The local (Victoria) branch of the Archaeological Society of B.C. is firing up it’s winter lecture series. The first talk is on Tuesday, and features UVic’s own Kelsey MacLean, speaking on the enigmatic stone tool assemblage from Hiikwis, in Barkley Sound. Details below; it is free and open to the public.
M.A. Candidate, University of Victoria
Chipped Stone in Barkley Sound.
Abstract: In 2008, Hiikwis became the first archaeological site in Barkley Sound with a significant sample of chipped stone materials. This material provides new insights into the culture history of Barkley Sound and the Nuu-chah-nulth peoples. It is well known that settlement patterns changed drastically in Barkley Sound from approximately 1500 to 1000 AD (Marshall 1993:40), which is a period of occupation represented at Hiikwis. Although the population movements both before and during this time have been theorized about before, Hiikwis is causing researchers to reconsider their previous assertions. Analysis of the chipped stone materials aims to determine who created these stone tools, and why there is a relative abundance of these tools at this site in contrast to the surrounding excavated locations. Essentially, why are there chipped stone tools here, but not next door?

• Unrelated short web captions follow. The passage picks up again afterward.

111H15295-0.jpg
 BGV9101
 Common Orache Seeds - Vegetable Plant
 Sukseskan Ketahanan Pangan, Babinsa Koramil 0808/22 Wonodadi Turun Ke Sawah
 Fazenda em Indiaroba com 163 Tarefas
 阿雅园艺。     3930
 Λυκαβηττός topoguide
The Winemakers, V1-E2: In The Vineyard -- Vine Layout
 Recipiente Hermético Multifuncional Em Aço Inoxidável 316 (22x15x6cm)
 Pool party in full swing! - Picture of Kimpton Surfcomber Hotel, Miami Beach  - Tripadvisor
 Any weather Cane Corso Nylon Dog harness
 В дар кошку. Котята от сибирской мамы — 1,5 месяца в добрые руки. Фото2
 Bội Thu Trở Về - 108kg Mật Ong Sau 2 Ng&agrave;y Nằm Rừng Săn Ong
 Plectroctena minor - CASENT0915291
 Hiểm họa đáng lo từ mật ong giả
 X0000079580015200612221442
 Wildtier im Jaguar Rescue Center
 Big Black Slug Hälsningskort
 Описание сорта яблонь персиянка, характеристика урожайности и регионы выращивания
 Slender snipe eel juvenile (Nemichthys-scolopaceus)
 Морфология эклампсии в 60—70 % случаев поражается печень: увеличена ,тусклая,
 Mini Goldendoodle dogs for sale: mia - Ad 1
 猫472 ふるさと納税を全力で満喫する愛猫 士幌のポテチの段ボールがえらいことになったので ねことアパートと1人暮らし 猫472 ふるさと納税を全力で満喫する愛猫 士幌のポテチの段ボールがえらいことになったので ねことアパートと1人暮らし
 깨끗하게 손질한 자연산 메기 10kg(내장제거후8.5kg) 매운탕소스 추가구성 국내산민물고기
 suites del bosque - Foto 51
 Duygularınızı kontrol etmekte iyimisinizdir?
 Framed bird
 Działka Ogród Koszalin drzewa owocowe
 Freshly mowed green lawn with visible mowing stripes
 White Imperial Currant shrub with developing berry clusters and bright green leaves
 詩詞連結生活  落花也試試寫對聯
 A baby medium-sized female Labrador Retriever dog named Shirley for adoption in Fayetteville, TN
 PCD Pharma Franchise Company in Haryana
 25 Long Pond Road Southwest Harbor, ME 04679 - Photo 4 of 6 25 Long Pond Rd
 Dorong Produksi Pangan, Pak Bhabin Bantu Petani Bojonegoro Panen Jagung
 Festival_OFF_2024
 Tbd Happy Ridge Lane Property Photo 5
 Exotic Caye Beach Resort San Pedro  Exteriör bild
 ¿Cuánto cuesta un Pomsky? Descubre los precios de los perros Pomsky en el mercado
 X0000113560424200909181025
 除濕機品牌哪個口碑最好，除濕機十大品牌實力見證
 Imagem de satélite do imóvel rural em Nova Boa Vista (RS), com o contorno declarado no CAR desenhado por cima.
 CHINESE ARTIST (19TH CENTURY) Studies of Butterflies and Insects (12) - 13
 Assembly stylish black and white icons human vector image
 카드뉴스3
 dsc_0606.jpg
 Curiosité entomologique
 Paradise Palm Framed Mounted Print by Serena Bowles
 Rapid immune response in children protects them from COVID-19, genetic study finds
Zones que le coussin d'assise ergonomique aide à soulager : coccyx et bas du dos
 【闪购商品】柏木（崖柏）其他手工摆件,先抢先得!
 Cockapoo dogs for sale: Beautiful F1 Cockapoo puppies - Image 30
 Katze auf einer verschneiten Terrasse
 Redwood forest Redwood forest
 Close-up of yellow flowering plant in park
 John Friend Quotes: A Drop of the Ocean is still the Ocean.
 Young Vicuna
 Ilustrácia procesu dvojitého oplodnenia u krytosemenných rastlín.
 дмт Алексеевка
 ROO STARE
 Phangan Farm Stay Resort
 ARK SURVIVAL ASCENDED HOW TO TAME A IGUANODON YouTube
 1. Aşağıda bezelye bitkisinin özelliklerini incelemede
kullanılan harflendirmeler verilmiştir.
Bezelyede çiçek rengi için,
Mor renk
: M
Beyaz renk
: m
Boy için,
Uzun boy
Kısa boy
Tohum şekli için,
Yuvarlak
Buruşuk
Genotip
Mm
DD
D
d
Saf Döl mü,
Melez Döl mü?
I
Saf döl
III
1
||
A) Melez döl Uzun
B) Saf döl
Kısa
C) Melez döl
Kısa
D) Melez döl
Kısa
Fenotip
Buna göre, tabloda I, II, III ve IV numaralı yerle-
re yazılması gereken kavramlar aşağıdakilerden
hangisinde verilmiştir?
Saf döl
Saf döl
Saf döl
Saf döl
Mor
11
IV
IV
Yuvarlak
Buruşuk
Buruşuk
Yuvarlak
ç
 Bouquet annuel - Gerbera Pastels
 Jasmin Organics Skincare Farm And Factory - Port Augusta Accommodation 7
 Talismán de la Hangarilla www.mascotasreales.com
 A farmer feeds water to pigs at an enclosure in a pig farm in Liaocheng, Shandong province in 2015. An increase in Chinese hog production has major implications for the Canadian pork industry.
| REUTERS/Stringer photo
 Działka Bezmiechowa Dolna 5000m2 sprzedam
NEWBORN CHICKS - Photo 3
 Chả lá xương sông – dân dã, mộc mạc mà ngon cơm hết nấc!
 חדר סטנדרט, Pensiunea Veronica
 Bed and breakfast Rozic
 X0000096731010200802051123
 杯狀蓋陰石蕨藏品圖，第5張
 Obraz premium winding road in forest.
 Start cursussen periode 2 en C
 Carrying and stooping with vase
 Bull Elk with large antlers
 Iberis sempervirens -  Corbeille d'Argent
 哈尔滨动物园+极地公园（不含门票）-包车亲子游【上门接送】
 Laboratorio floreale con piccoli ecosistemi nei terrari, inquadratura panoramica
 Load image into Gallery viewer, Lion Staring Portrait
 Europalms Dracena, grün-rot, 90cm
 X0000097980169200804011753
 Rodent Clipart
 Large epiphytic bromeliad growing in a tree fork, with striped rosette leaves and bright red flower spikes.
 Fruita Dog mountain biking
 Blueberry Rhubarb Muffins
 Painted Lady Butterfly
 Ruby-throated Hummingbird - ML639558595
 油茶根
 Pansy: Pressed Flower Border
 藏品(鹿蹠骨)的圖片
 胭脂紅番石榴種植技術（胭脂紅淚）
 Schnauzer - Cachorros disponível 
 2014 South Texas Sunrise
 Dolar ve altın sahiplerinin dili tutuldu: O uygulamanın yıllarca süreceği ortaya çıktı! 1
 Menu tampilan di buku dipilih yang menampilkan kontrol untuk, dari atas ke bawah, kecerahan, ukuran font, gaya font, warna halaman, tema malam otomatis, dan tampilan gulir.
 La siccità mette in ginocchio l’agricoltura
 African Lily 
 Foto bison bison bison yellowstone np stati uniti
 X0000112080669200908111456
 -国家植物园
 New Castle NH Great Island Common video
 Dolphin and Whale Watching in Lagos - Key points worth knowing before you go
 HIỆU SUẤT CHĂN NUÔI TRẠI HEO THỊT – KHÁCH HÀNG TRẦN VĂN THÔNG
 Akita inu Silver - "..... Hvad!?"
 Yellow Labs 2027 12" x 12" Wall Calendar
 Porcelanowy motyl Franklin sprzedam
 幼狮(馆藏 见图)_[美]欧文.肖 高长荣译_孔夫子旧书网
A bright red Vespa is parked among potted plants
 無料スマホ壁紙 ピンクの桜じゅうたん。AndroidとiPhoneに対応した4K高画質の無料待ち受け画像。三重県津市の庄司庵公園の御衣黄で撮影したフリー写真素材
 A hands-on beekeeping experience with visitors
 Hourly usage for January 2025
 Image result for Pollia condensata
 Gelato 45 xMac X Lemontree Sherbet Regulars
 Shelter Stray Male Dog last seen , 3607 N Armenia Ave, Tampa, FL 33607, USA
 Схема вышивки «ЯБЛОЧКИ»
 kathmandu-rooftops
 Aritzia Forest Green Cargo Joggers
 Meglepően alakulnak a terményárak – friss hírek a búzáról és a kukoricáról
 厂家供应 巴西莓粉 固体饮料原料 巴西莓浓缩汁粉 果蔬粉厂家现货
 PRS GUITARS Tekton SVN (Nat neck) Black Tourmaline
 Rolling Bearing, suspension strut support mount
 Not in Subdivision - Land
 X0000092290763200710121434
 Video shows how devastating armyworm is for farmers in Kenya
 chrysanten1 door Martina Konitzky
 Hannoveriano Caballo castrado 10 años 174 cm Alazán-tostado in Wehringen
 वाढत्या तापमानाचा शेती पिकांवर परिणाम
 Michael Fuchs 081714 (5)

Bio: Kelsey MacLean is currently an MA candidate at the University of Victoria. She is an executive member of the Victoria Branch of the Archaeological Society of BC and has a BA in Anthropology and Sociology from the University of Victoria. Her first fieldwork experience was in Barkley Sound in 2008 and she has returned each summer for further research. Her interest in the Tseshaht and the Barkley Sound region led to her pursuing her MA thesis project within this extended archaeological project.